Current ratio, quick ratio and the operating cash flow ratio are used in measuring the corporation’s liquidity. The current ratio usually refers to the ratio of current assets to the current liabilities while the quick ratio which is also known as the acid-test establishes whether the corporation can pay short-term liabilities without selling the inventory. On the other hand, operating cash flow ratio is determined by summing up the cash and the marketable securities over the current liabilities. It does not include all the current assets but the cash and cash equivalents. Basically, all these ratios try to measure if the firm can be able to pay its short-term debts by comparing the liquid assets to the short term liabilities. When the value of the ratio is higher then there is a larger margin of safety for the corporation to pay-off its short-term debts. However, these ratios have a great problem because they differ depending on the industry or the kind of corporation hence giving different values. ‘They also depend on the balance sheet date and therefore they cannot determine the position of the corporation round the year’ (Kirsch, 2010, p.113). Moreover, they don’t give the future trends but only give the present and past trends of the organization. Inflation cannot also be determined properly by these ratios. ‘These problems can be solved by using the DuPont analysis because it gives information on why the corporation’s profitability is low or high basing on its performance and the returns on equity’ (Rocher & Patrick, 2005, p 51).

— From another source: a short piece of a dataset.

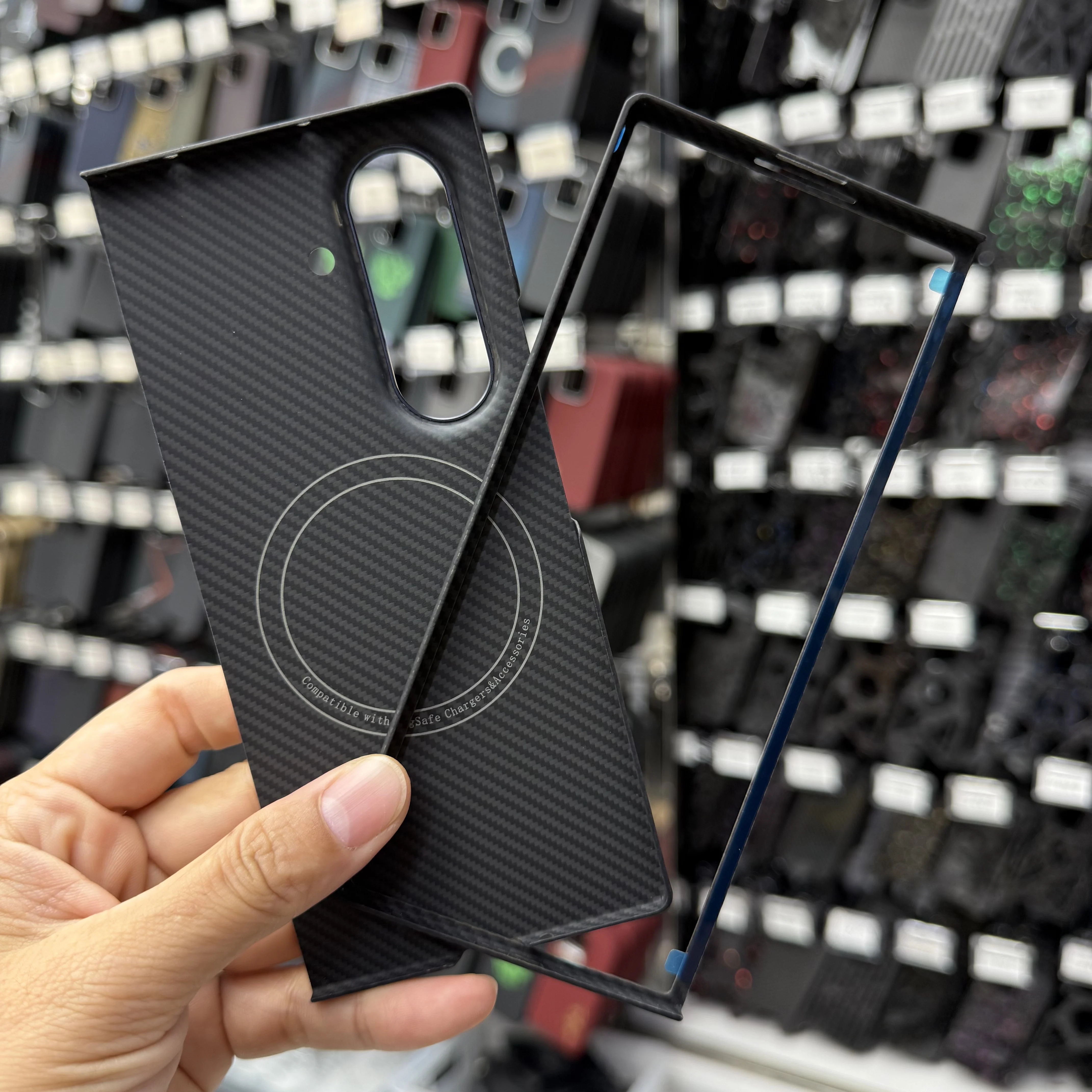 

SAVIITR for Samsung Galaxy Z Fold 7 Aramid Carbon Fiber case Kevlar Cover Ultra-Thin Lightweight Protective Cover Z Fold 7 case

3. What is the main difference between an investment banker and a commercial banker? Why were commercial banking and investment banking separated by the Banking Act of 1933? How has this separation affected current day banking practices
Regulations have changed the way in which commercial banking and investment banking is conducted. ‘A commercial banking has the main role in taking deposits for checking and savings accounts from the consumers which is not done by the investment banking’ (Efrat, 2005, p.35). They do not have an inventory of cash deposits to lend money as a commercial bank. It deals mainly with stock and bond markets. This separation was done in order to maintain the core aspects of these different lines of businesses in order to remain intact. ‘Both the investment bank and the commercial bank have the same end’ (Kapoor, 2004, p.56). That is, if a company may need a loan, it may consult a commercial bank for a financial support in form of a loan or it may also consult an investment bank to sell equity or debts in form of stocks or bonds.